De onde vêm tantos jovens com camisas azul e branco? Como se explica tamanha paixão sem nenhuma chancela de apoio do clube que mal paga os salários dos jogadores? Como explicar tamanha devoção levando-se em conta que o calendário do futebol reserva pouco mais de três meses do ano à competição. Como esses jovens trocam os clubes grandes centralizadores da mídia por um Santo André havia cinco anos na Segunda Divisão?

Há alguma coisa diferente a mover o Santo André fora de campo. Compete aos dirigentes decifrarem o enigma. A começar por se darem conta de que uma reformulação estrutural completa não pode deixar de ser planejada e lançada. O Santo André não pode continuar a existir movido por ciclos de fartura de resultados dentro de campo e permanente penúria financeira e institucional. Os meses que separaram a equipe da estreia na Primeira Divisão do ano que vem precisam ser muito bem aproveitados.

O Santo André já aprendeu dentro e fora de campo com as lições do passado. Não pode mais cometer erros antigos. E deve reduzir drasticamente o tamanho dos erros novos. É indispensável que o clube mimetize a obra de Toninho Cecílio e da Comissão Técnica que levaram a equipe de volta à Primeira Divisão.

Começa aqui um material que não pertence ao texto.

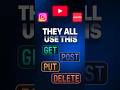 How Your Apps Actually Work (It's Simpler Than You Think) #tech #tutorial #shorts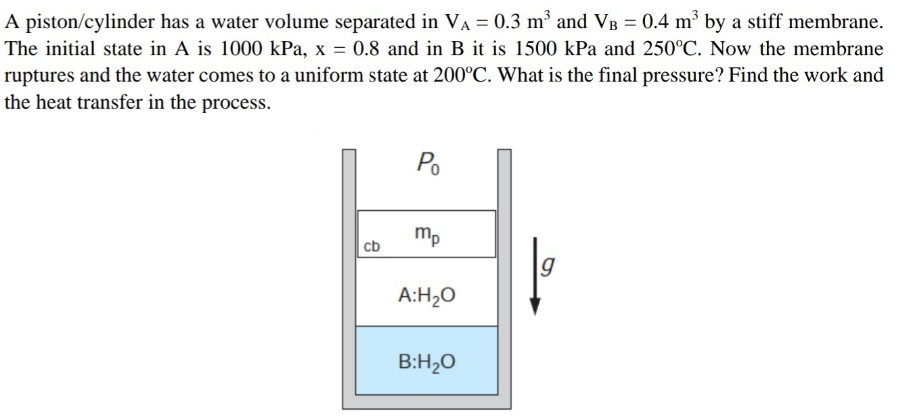 A piston/cylinder has a water volume separated in VA = 0.3 m³ and VB = 0.4 m by a stiff membrane.
The initial state in A is 1000 kPa, x = 0.8 and in B it is 1500 kPa and 250°C. Now the membrane
ruptures and the water comes to a uniform state at 200°C. What is the final pressure? Find the work and
the heat transfer in the process.
Po
mp
cb
A:H2O
B:H20
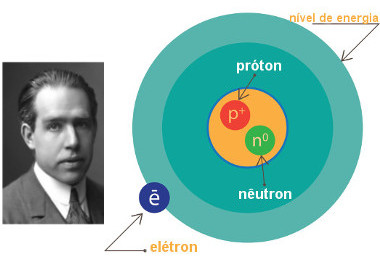 RepresentaÃ§Ã£o do modelo atÃ´mico de Rutherford-Bohr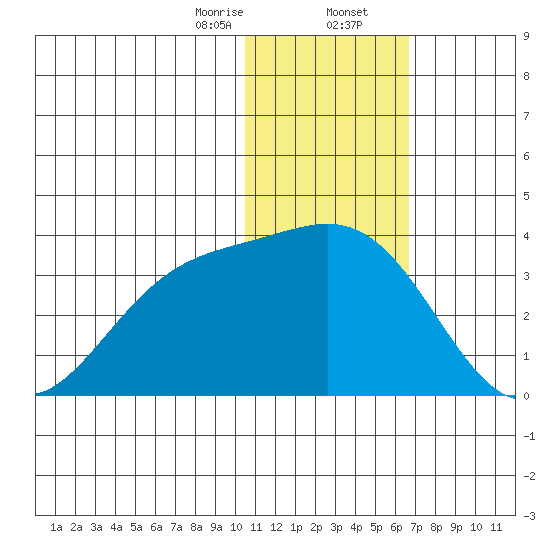 Attu tide chart for Wednesday, January 14, 2026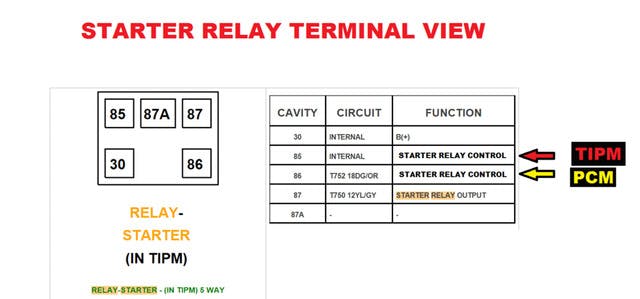 I always want to know exactly how a system is supposed to work before I try to figure out why it isn&rsquo;t working. Here, I learned that there were 2 modules in charge of the relay.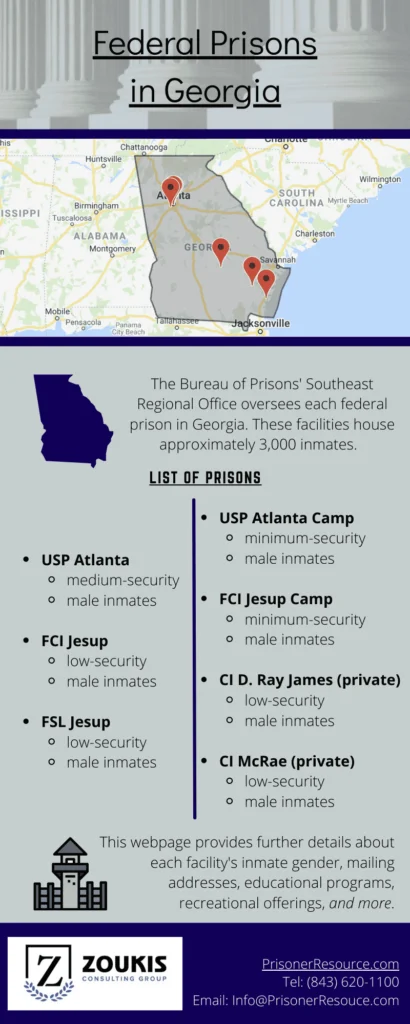 Federal Prisons In Georgia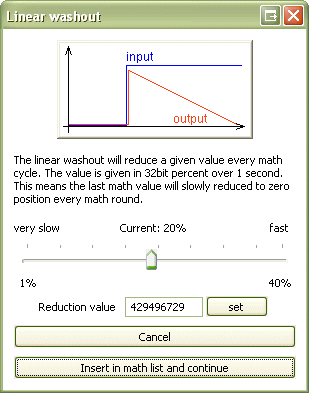 profiler2-linear-washout-original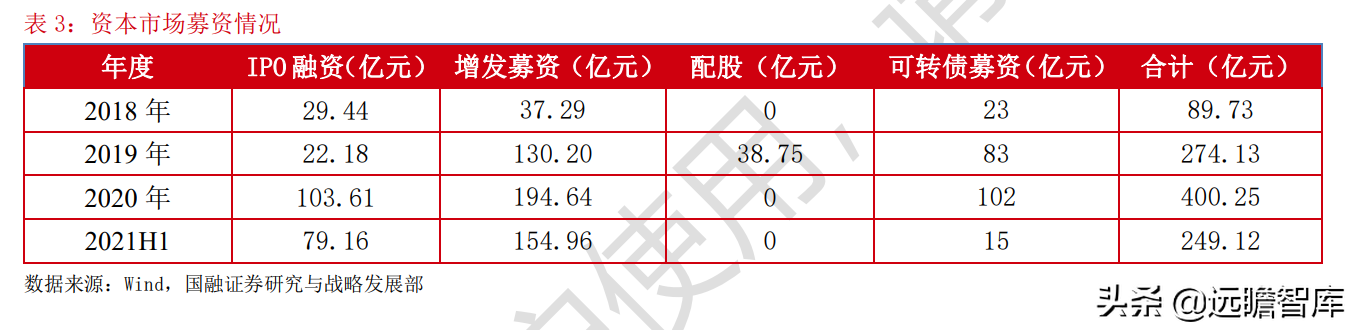 光伏：平价上网序幕正式拉开，能否开启行业新的成长周期？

Tolerância Zero com equívocos. Com a vantagem de que, se a Toninho Cecílio faltaram melhores opções para a equipe jogar menos defensivamente, aos dirigentes sobram possibilidades de amealhar reforços para áreas reestruturadoras do clube. Há propostas de um passado nem tão distante que devem inspirar os dirigentes às mudanças. A privatização dos tempos do Saged foi um fracasso entre outros motivos porque dirigentes e conselheiros mais antigos se acomodaram com a chegada de um salvador da pátria.

Fim de redundância

Talvez uma das iniciativas que poderiam dar ao Santo André um novo fôlego fora de campo seja, no final do ano, com o encerramento do mandato de Jairo Livolis, eleger um presidente fora da redundância de nomes das duas últimas décadas. A experiência de Jairo Livolis e de Celso Luiz de Almeida, entre outros dirigentes, será muito útil à composição de novos nomes diretivos e também do Conselho Deliberativo. A ação que ambos podem desempenhar é justamente no sentido de buscar talentos diretivos para dar nova configuração ao Santo André.

O heroísmo da equipe de Toninho Cecílio mais uma vez consumado em Barretos, quando jogou mais de um tempo com 10 jogadores, por conta da expulsão do lateral Paulo, não é algo a ser cultuado como regra geral do Santo André do futuro. Há espaço de sobra para que a equipe dentro de campo alcance resultados menos dramáticos. Basta que se reorganize e se potencialize fora das quatro linhas.

Assim como um povo não deve viver de messias, um time de futebol não pode depender de uma única liderança, caso de Toninho Cecílio. Sem o treinador, espécie de Felipão dos bons tempos, o Santo André não teria chegado à Primeira Divisão da forma mais impressionante da história.

E nem se pode afirmar que o acesso é imerecido. Havia, certamente, equipes mais bem preparadas e organizadas, como o São Caetano e o Bragantino, primeiro e segundo colocados na classificação ao final da primeira fase. Mas nenhuma dessas equipes contava com um Toninho Cecílio a decifrar cirurgicamente o melhor caminho à festa final. O Santo André que volta à Primeira Divisão fez de cada jogo do mata-mata a própria sobrevivência como instituição.

Cinquentenário valioso

A partir de agora a direção do Santo André deve olhar para o calendário e traçar um plano de metas que precisa ser levado à prática para que, ano que vem, quando a equipe estrear numa Primeira Divisão que terá apenas 16 equipes, o que a tornará ainda mais valiosa, os 90 minutos de cada jogo não sejam uma luta acima do normal pelos três pontos e que a classificação a cada rodada não seja um tormento para fugir dos últimos lugares.

Os 50 anos de vida que o Santo André completará no ano que vem não são pouca coisa. Há uma herança de paixão em azul e branco que aquela massa de jovens torcedores expressou ao invadir as arquibancadas no Estádio Bruno Daniel. O Santo André é um dos elementos mais importantes da identidade cultural, esportiva e social de uma cidade que se desmancha institucionalmente com a perda do tônus econômico.

Um patrimônio de 50 anos ainda subestimado como fonte de inspiração a novas empreitadas da sociedade como um todo.